As for Rupert Read’s argument about the EU commoditising and marketising farming in Eastern Europe, he is probably right. But the instrument that the EU used was the Common Agricultural Policy. The CAP is a creature of the EU Commission. It was dreamt up by the Commission almost at the same time as the EEC was founded. It is only since 2013 – long after EU accession for most countries – that the parliament has been allowed to have a vote on reforms to the CAP. To change the CAP we must continue to push for the European parliament to have powers to initiate legislation and reforms to it. The CAP must be reformed so that it no longer subsidises wealthy landowners and environmental destruction but instead supports a transition to sustainable farming methods. Subsidies for sustainable farming have grown over the years but are still a drop in the ocean. The pressure to change the wasteful CAP however, is already intense. Allowing the democratically elected parliament to change it could make that pressure irresistable.
The shame is that need for a more democratic Europe is being lost in the arguments about whether or not to be in it.
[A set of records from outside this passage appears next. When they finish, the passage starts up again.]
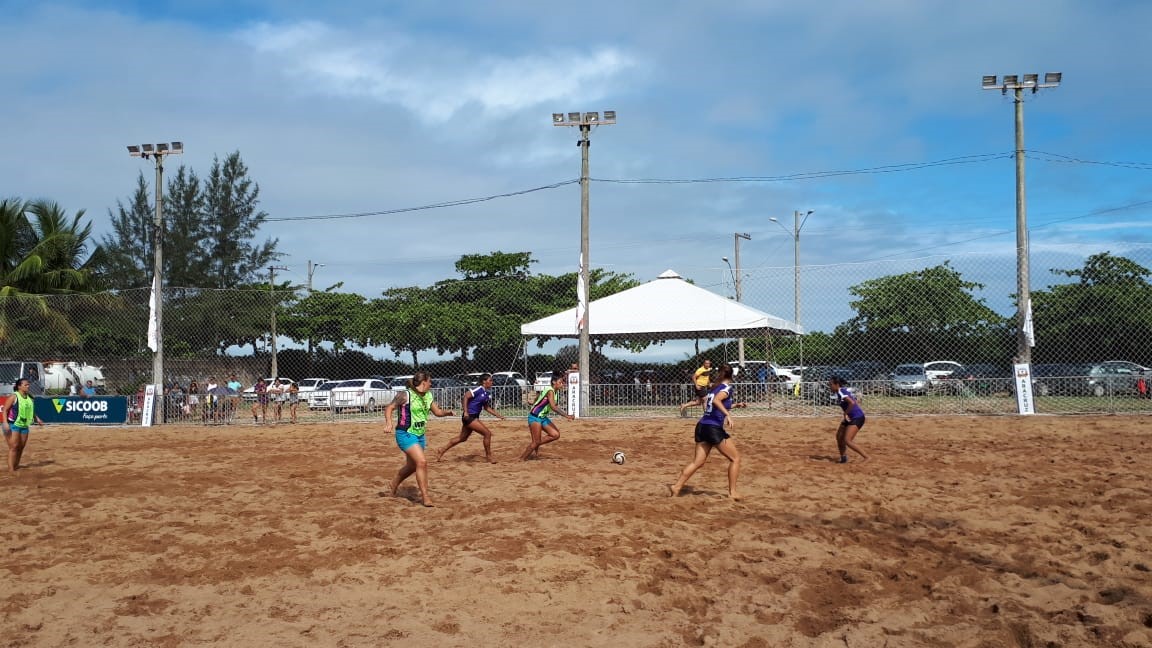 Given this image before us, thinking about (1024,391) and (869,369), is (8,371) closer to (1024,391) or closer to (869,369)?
(869,369)

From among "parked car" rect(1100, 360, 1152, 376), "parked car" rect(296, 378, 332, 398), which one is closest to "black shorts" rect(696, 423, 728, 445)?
"parked car" rect(1100, 360, 1152, 376)

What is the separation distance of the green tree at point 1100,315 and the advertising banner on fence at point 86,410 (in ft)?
81.5

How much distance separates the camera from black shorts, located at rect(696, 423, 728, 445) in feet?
34.9

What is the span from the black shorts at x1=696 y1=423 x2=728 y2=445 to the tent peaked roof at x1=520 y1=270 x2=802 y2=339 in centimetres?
1540

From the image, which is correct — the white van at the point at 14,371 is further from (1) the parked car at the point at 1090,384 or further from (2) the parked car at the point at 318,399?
(1) the parked car at the point at 1090,384

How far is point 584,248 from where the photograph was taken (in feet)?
83.2

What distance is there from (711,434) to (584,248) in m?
15.2

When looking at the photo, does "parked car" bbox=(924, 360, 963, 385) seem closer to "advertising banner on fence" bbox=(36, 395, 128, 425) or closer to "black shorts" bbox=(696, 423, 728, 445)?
"black shorts" bbox=(696, 423, 728, 445)

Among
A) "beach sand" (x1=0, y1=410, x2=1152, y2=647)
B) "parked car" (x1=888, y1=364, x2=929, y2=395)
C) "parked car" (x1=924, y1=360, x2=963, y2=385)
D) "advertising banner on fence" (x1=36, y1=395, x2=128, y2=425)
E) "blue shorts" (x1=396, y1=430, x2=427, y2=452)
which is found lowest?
"beach sand" (x1=0, y1=410, x2=1152, y2=647)

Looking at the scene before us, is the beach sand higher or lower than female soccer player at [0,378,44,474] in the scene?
lower

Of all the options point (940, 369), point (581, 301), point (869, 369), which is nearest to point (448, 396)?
point (581, 301)

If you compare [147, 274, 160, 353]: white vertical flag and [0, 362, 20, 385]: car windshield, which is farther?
[0, 362, 20, 385]: car windshield

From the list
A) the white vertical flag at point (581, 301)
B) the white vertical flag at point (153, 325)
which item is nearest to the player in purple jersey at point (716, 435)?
the white vertical flag at point (581, 301)

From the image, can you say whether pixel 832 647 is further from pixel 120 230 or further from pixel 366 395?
pixel 120 230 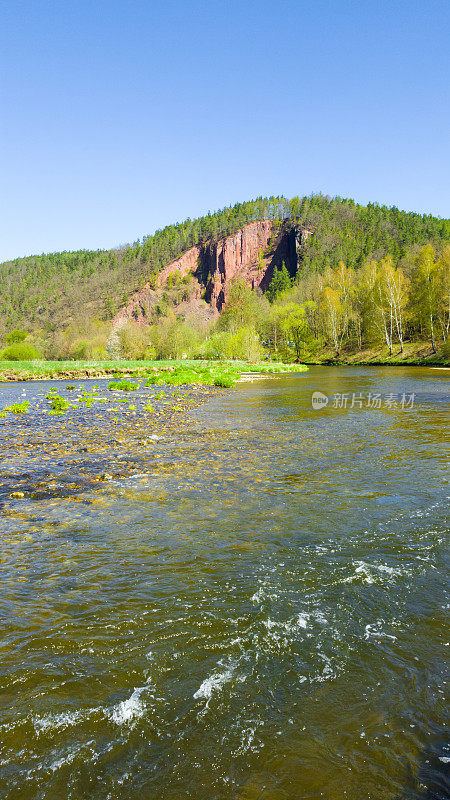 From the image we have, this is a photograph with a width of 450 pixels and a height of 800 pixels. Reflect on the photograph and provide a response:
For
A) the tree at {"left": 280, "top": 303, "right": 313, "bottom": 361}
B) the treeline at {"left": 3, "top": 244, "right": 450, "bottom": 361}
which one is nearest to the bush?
the treeline at {"left": 3, "top": 244, "right": 450, "bottom": 361}

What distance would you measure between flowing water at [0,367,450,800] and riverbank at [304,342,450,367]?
56.4m

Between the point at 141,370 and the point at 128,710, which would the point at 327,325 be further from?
the point at 128,710

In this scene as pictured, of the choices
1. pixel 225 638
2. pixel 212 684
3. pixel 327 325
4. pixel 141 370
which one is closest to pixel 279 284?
pixel 327 325

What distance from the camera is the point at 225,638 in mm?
4141

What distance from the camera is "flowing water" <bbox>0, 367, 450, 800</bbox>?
2.80m

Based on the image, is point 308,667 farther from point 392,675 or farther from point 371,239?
point 371,239

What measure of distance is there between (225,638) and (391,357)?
72952mm

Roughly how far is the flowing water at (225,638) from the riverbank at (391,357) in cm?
5641

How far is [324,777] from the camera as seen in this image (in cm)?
271

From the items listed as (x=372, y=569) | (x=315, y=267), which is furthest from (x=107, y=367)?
(x=315, y=267)

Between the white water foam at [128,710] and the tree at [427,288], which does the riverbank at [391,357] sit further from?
the white water foam at [128,710]

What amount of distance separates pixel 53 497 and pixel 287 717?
700 centimetres

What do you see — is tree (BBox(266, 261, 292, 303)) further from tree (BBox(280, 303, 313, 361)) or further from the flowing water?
the flowing water

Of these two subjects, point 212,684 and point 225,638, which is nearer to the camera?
point 212,684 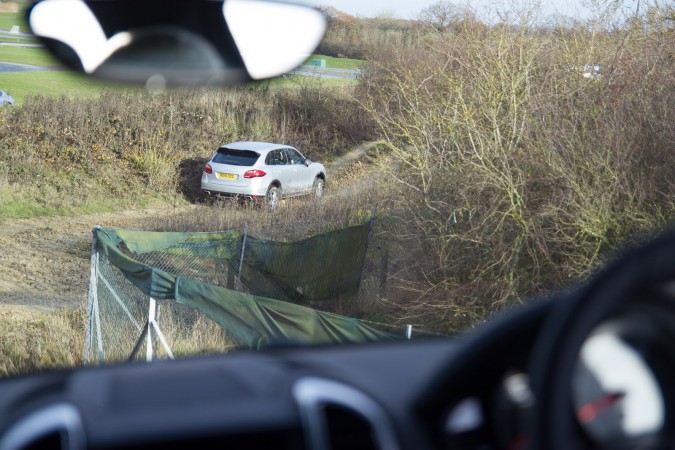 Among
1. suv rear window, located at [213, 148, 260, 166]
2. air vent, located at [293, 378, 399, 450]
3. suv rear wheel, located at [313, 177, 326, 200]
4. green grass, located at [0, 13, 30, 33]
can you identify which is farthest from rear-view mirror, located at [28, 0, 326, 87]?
suv rear wheel, located at [313, 177, 326, 200]

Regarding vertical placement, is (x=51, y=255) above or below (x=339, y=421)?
below

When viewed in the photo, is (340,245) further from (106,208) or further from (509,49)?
(106,208)

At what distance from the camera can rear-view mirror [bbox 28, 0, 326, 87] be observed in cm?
242

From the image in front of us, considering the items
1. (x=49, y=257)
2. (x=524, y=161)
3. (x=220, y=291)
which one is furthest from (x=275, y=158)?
(x=220, y=291)

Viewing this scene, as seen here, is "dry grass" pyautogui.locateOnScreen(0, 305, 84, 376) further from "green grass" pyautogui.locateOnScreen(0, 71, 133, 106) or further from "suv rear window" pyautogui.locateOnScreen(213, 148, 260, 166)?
"green grass" pyautogui.locateOnScreen(0, 71, 133, 106)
For Greens, the EU must be seen as a work in progress, not for greater integration or greater trade, but for greater sustainability, deeper democracy and tougher controls on the transnationally rich and powerful. If we leave it, we will not be able to start again. There is no other organisation in town. The EU is it, undemocratic warts and all.
I support Rupert’s right to spoil his ballot paper and explain the reasons why, I also support Jenny’s right to vote leave and explain her reasons. I will be voting remain because I believe Europe can be fixed and used to get what we Greens want.